> **WHAT TO WORK ON**:
Taking the records line by line, how many lines contain the word "lamp"? Answer with the number only.

(Data extracted from a collection)
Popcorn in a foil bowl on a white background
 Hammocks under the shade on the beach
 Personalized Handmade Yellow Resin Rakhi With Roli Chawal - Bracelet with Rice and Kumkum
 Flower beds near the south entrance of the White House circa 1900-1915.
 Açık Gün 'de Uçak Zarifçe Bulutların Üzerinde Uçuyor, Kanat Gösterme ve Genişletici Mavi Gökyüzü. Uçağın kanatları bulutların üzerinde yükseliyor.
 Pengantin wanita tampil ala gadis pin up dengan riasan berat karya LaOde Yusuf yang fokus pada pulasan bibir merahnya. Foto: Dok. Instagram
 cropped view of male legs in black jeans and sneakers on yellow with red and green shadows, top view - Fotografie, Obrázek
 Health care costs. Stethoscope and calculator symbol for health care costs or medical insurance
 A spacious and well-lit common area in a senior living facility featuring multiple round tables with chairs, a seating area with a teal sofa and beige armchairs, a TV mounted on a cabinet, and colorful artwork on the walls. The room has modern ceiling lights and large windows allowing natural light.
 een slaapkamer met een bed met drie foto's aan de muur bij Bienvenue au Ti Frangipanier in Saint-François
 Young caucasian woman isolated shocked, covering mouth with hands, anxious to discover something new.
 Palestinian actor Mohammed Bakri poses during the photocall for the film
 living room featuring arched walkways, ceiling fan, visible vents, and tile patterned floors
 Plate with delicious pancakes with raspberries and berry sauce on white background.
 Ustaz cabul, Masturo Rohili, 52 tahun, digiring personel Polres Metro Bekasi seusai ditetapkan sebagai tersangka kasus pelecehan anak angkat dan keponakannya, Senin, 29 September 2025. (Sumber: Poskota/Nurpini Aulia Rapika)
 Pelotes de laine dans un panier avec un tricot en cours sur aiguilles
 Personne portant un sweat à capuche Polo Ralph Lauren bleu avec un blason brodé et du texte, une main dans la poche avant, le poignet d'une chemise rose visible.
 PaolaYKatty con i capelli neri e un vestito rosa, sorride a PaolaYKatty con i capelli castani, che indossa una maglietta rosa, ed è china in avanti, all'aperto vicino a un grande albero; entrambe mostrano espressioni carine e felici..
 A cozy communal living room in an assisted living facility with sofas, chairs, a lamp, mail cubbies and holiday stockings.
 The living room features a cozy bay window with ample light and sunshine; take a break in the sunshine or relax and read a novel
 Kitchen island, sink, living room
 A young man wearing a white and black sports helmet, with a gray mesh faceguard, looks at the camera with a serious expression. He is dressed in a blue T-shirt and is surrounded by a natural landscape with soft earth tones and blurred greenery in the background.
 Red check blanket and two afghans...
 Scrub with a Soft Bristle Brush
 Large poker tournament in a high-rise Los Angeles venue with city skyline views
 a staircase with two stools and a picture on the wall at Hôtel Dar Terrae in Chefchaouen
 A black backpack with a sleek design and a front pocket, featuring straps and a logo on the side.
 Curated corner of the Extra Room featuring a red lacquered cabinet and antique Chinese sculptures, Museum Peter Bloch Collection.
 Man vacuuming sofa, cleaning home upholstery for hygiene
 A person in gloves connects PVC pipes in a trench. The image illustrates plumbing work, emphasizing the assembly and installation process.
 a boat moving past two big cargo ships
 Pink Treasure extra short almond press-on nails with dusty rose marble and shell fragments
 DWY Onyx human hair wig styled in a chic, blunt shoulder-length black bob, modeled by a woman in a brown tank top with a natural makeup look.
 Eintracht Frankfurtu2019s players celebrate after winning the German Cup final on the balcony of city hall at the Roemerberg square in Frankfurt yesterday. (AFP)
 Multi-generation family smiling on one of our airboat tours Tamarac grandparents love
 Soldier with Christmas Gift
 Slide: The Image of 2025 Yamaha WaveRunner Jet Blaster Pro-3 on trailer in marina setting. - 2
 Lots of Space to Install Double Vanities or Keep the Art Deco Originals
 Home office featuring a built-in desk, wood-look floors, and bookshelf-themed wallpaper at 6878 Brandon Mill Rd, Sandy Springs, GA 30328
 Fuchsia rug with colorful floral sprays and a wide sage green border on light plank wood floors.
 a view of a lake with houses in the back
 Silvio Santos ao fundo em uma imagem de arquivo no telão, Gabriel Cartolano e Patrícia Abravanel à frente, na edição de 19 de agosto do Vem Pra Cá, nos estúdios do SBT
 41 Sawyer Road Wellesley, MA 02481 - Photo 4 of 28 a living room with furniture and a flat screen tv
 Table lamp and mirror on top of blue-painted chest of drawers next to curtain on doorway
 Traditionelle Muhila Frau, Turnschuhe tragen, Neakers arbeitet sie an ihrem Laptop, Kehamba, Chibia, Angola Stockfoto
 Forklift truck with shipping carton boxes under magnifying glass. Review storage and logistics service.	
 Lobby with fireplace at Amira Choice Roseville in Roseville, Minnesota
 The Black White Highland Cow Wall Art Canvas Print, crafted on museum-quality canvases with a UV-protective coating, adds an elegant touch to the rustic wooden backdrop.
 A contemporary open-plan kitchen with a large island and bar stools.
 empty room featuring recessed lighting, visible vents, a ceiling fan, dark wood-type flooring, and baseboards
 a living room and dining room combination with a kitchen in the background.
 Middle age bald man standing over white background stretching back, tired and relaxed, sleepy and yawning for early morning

> **COMPLETED TASK**:
2